Mates.
We were mates.
Bound and fated and destined for…not this.
It wasn’t supposed to end like this.
How could it be over before it had even begun?
I wouldn’t accept it. I couldn’t.
We were meant to be together.
He couldn’t be gone.
Lifting my tear-soaked face to Anna, I shook my head as I screamed my pleas. “Heal him! Save him! Please!”
Anna shrugged. “Even if I could, why would I? I told you this would happen!”
My eyes darted back and forth over the dirt floor in front of me. She’d already known I was his mate, even before Connor had arrived. She’d mentioned our kiss. But how? How had she known?
The spy.
But who? Who was working for them?
I stared down at Connor—my fiancé, my mate—who was quiet, unmoving. He was still breathing, but too slowly.
It didn’t matter who the spy was.
It didn’t matter how Anna had known.
There was no fixing what had already been done.
“What now?” I asked pathetically.
Anna stepped toward me, and my entire body tightened when she nudged Connor’s foot with her own. “Nothing good, I’m afraid. We can’t exactly allow you to return to the palace and inform anyone about what happened here.”
“You can’t be serious, Mother!” Raven’s voice pierced the air from somewhere behind me. I twisted my neck but only caught a glimpse of her in my periphery as she walked slowly forward. She glanced in my direction but didn’t look at me. She was focused on something over my head, beyond me. Tossing her head toward me, she turned back to her parents. “She’s family. Are you really considering killing her?”
“Sometimes we must sacrifice for the better of everyone,” Anna said. My stomach turned to stone.
“Do you mean I wasted three years training her—putting up with her blathering and her whining and her incessant pining for a filthy fae—all so you could just kill her? How does that serve the greater good?” The vitriol in Raven’s voice was like acid in my veins, peeling open every old wound I’d suffered at her hand. Through gritted teeth, I growled quietly, mentally forming insults of my own to throw at my supposedfriend, but from behind me came a hushed warning to remain quiet.
“Don’t move, my lady.”
Matthias.
Of course he’d come with Connor.
Relief shot through me, but I did as he commanded and remained still. Keeping my eyes forward and my lips pressed into a stern line, I worked to hide my wince as he began cutting the ropes digging into my wrists. When they fell away, I forced myself to ignore the desperate call of my muscles to be shaken out and stretched. Matthias pressed the etched wooden handle of a knife into my palm, and I wrapped my aching fingers around it.

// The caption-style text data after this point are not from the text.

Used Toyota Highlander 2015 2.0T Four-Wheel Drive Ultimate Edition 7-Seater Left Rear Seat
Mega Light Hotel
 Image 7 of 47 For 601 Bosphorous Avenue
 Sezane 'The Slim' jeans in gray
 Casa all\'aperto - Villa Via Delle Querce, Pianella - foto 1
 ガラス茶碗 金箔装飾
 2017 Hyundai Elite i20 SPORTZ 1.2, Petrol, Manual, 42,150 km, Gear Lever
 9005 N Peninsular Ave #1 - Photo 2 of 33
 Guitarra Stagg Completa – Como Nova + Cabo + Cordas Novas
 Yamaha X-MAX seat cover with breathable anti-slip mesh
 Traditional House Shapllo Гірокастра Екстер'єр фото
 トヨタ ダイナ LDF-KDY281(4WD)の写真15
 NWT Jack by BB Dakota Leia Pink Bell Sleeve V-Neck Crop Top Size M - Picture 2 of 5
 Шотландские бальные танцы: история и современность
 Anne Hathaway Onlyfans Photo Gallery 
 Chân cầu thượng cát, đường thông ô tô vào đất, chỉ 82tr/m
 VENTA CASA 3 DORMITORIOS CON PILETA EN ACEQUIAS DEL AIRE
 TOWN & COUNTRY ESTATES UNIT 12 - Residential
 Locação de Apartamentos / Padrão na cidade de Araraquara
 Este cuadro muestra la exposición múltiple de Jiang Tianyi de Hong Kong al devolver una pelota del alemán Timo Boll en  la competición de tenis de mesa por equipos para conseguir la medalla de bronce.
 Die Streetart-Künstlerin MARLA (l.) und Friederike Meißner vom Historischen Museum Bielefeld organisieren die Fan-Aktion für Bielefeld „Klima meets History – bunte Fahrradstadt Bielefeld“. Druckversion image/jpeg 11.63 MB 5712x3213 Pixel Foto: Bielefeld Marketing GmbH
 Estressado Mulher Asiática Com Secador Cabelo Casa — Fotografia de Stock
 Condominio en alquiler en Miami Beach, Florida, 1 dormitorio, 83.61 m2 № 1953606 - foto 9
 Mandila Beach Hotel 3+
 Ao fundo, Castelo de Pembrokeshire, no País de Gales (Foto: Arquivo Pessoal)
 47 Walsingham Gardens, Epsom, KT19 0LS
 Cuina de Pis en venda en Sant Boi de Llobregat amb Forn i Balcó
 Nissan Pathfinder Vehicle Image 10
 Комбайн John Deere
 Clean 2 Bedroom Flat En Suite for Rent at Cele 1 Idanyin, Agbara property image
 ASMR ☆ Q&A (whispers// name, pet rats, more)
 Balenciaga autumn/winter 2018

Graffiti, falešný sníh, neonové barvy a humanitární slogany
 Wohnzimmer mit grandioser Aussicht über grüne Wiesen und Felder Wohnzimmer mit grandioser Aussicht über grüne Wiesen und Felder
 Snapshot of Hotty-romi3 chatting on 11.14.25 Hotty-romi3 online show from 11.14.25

“Wait,” he whispered, and I signaled my understanding with my other hand.
“Life is a gamble,” Anna said musingly to her daughter, her annoyance seeping into each syllable. “We had no way of knowing Lieke would prove so worthless.”
Owen cleared his throat with what sounded like an oddly placed chuckle. “Not completely worthless. She brought us the crown prince, after all.”
“True,” Anna said, and a tense silence pulled the air taut around us. Raven shifted her weight. To anyone else, the movement would appear casual, but after three years of constant training, I knew her tells. She was anticipating an attack. And she was nervous about it. Understandably so. She had no weapon in hand, and I could see none at her back or thigh or ankle. She was unarmed, facing two ruthless humans who had slaughtered countless fae.